Libyan civil society have also called for an immediate cessation of armed clashes. On 24th September 2018, sixteen CSOs called for the formation of an independent international commission. The CSOs also called on the United Nations Support Mission in Libya (UNSMIL) to help guarantee freedom of expression amid the violence. However, as fighting between armed militias spirals, the civic space restrictions continue.
Facebook is where many people in #Libya turn for news, with government officials, ministries & military posting there. Now, as chaos erupts & people need access to understand what is happening, residents report the platform in blocked. #KeepItOn https://t.co/qoYKEyO1Jw— Access Now (@accessnow) September 4, 2018
On 3rd September 2018 social media platform, Facebook stopped working. Although, internet providers in Libya blamed a technical fault, activists remain suspicious.
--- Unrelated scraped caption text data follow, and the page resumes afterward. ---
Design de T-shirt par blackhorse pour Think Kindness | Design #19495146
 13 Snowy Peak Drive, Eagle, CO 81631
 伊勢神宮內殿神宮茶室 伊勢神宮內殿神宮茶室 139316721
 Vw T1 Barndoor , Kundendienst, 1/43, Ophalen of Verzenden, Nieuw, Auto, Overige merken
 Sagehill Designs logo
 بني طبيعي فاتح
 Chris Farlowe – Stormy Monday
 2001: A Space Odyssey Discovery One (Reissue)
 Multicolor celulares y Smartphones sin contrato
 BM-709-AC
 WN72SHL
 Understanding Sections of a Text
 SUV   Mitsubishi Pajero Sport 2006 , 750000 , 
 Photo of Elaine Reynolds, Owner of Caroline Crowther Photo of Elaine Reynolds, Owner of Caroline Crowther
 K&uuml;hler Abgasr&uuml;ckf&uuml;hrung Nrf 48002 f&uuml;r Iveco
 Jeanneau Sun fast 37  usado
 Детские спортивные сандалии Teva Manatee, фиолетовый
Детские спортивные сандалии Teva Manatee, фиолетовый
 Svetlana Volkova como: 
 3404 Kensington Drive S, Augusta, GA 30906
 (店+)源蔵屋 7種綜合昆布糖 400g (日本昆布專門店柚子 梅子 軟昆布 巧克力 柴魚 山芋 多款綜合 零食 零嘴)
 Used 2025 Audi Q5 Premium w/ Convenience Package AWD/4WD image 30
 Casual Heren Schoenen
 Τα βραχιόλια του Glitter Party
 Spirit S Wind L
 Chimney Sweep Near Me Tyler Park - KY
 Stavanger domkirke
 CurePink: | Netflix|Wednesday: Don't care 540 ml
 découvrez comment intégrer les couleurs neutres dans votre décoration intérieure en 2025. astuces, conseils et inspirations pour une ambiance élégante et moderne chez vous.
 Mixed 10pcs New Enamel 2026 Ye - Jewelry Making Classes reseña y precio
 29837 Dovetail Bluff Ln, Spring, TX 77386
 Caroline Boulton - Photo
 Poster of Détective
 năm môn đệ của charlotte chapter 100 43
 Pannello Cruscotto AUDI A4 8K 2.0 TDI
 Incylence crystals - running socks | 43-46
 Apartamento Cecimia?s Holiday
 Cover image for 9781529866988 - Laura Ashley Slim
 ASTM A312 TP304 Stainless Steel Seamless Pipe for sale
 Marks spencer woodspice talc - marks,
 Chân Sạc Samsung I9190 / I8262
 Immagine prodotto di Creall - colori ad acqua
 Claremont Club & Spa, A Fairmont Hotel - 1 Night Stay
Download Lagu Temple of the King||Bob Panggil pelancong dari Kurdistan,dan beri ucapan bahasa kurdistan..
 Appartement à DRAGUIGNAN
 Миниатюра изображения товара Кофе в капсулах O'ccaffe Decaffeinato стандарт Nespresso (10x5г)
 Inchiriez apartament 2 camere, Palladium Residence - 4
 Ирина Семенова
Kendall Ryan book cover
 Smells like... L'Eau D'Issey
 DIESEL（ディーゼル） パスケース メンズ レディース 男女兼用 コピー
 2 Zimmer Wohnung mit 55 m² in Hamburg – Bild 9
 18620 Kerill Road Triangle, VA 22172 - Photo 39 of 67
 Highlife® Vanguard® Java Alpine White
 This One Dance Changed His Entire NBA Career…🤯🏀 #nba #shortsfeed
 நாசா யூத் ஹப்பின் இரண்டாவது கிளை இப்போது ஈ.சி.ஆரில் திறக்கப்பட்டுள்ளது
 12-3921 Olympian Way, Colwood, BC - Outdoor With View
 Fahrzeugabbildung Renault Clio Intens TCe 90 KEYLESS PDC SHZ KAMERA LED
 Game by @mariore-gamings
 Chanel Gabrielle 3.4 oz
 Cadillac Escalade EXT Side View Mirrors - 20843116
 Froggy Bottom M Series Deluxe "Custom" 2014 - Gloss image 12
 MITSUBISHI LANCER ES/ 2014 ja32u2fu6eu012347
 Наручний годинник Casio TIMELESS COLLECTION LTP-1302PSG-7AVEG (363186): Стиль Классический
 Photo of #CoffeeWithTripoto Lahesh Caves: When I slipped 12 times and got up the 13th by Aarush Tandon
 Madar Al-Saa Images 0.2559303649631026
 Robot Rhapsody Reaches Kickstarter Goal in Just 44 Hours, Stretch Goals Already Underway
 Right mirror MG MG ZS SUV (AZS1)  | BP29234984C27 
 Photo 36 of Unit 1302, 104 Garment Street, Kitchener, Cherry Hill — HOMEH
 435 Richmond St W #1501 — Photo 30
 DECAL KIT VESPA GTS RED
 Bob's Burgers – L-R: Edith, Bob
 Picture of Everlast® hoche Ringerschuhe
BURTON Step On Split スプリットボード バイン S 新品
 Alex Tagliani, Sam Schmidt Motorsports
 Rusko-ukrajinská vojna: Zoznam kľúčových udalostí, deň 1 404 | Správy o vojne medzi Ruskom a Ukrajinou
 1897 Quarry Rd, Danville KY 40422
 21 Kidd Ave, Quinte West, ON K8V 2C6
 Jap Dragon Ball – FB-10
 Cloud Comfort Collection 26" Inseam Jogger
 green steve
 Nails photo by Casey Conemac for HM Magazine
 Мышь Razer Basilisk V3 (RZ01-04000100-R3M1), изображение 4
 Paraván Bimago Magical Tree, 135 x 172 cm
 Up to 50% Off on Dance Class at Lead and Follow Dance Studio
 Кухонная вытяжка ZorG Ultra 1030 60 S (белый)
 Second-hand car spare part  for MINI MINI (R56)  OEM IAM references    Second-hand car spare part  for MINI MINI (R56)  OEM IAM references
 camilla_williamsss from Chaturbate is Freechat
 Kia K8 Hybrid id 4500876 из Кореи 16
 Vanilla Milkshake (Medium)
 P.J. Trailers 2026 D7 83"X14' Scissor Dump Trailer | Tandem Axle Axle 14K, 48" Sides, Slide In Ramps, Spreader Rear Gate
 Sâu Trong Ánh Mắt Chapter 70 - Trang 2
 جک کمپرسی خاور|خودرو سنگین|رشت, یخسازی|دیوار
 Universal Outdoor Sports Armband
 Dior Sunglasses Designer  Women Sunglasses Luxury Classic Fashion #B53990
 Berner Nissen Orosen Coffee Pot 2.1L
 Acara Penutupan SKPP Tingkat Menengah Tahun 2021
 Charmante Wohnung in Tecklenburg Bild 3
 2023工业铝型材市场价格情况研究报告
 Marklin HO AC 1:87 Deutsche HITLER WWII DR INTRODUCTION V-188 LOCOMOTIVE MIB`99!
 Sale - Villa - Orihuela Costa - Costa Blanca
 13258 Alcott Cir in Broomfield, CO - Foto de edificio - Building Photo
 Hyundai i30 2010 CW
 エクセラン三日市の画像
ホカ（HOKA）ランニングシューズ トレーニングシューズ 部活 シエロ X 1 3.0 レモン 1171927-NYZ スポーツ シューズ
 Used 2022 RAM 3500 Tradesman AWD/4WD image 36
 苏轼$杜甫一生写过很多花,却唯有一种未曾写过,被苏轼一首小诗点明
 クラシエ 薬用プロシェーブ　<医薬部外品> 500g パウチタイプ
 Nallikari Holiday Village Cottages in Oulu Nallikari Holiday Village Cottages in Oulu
Some groups claim the blockage was a deliberate attack on freedom of expression. In response, the state telecom provider The Libyan utility LPTIC, drew attention to poor security situation. LPTIC offered no further explanation into the Facebook blockage. Access to the web in Libya is completely controlled by state-owned firms and monitored by authorities.
As previously covered by CIVICUS Monitor, restrictions on international media are ongoing amid the conflict. CSOs have condemned the complex and time consuming process to obtain visas for international journalists. On 8th August 2018, Reporters Without Borders and the Libyan Center for the Freedom of the Press drew attention to these issues. In an open letter, they highlighted how restrictions have stymied the work of journalists. The two CSOs said:
"On the pretext of offering them better security guarantees, the FMD is tightening its grip on the foreign media at a time when, in the run-up to the general elections scheduled for 10 December, the freedom to inform is proving more essential than ever for a democratic and pluralistic debate in Libya."
The CSOs reiterated calls on Libyan authorities to stop obstructing the work of journalists and the Libyan correspondents of foreign media outlets. They also highlighted lack of progress with an adequate accreditation process. Journalists are often issued temporary press permits which limit their freedom of movement. Both groups urged Libyan authorities to lift all restrictions ahead of planned elections in December.
Protests in Tripoli highlight the lack of basic services. On 16th September 2018, protesters gathered in Algeria Square to decry worsening living conditions. The protest drew several hundred participants. Comprising mainly of young people, people called for a raft of reforms to improve governance of the Libyan state. Participants highlighted the high cost of food and lack of water and electricity. Chanting, they also rejected militias and demanded a state, law and order, army and police. There are no reports of the protest turning violent.